START Exercise material

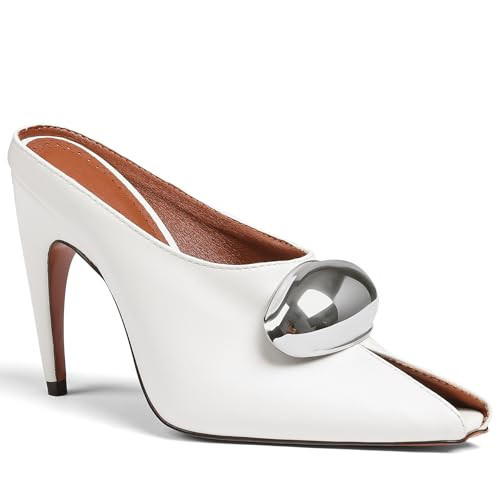 Oiamenne Stiletto Heels for Women Peep Toe Heeled Mules Sandals Pointed Toe Pumps High Heeled Sandals for Women Comfortable Casual Wedding Office Dating Dress Shoes White | Amazon (US)
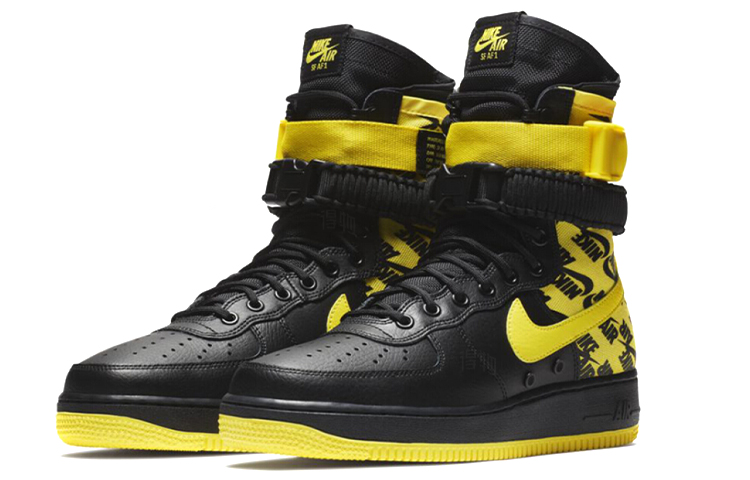 Мужские кеды Nike Air Force 1 OG (черно-желтые) — фото 3
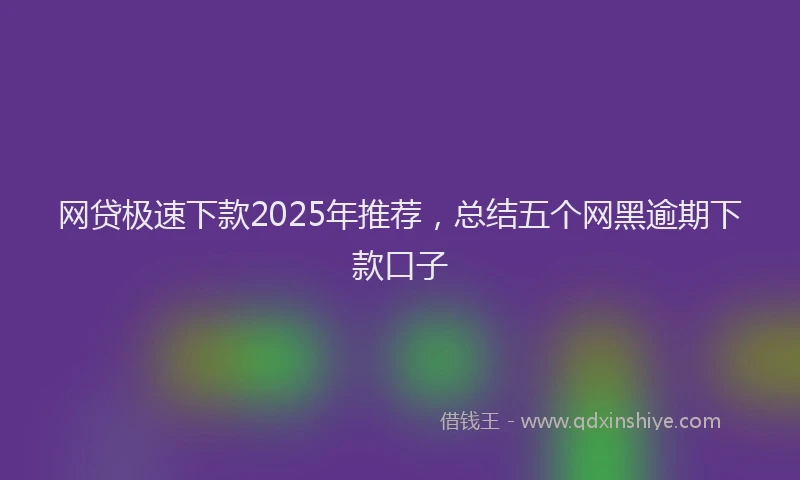 网贷极速下款2025年推荐，总结五个网黑逾期下款口子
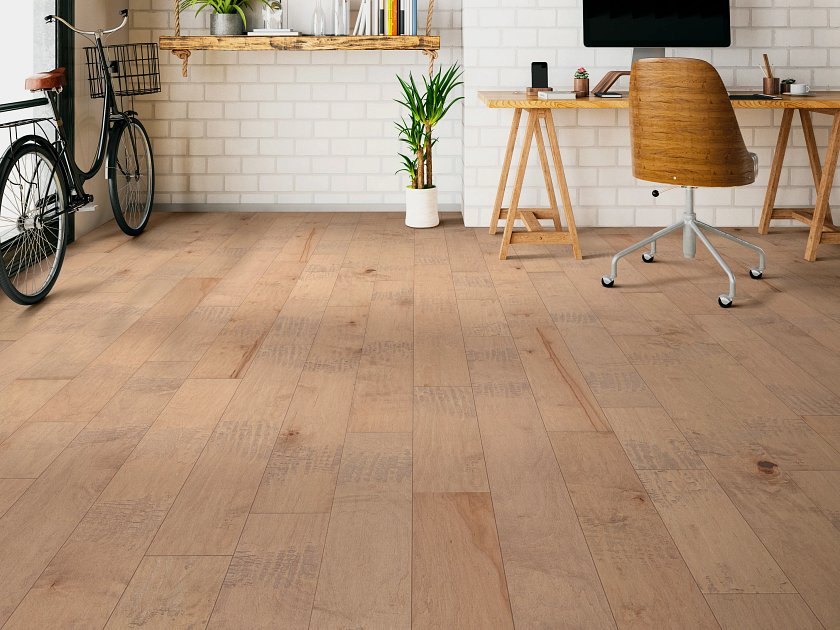 Shaw Yukon Maple 6 3/8 Canvass Lg engineered hardwood flooring photographed in a living room, pairing natural wood hardwood with the furniture layout.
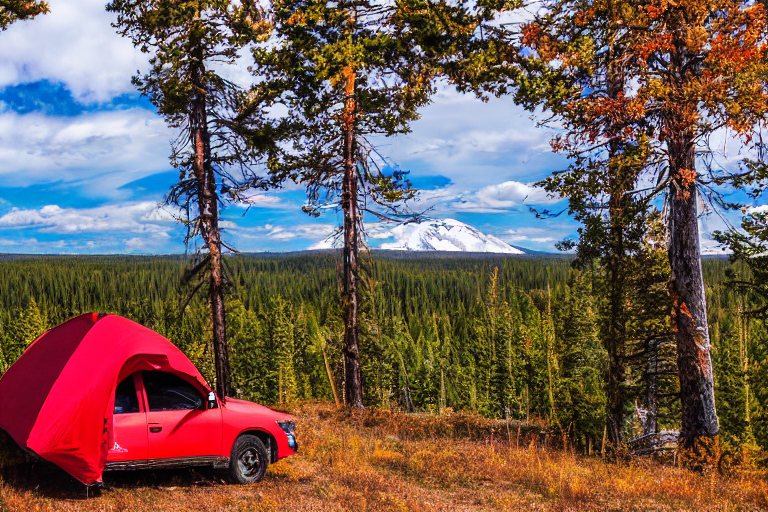 A red Subaru with an open rooftop tent rests at a cozy campsite in Yellowstone. Snow falls over golden trees and rolling hills, while a stone-ringed fire and picnic table wait nearby.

END Exercise material

## Task requirements
The answer must be the part of the records that opens with the line containing "Мужские кеды Nike" and closes with the line containing "Shaw Yukon Maple", reproduced exactly, with no pictures.

## Finished exercise
 Мужские кеды Nike Air Force 1 OG (черно-желтые) — фото 3
 网贷极速下款2025年推荐，总结五个网黑逾期下款口子
 Shaw Yukon Maple 6 3/8 Canvass Lg engineered hardwood flooring photographed in a living room, pairing natural wood hardwood with the furniture layout.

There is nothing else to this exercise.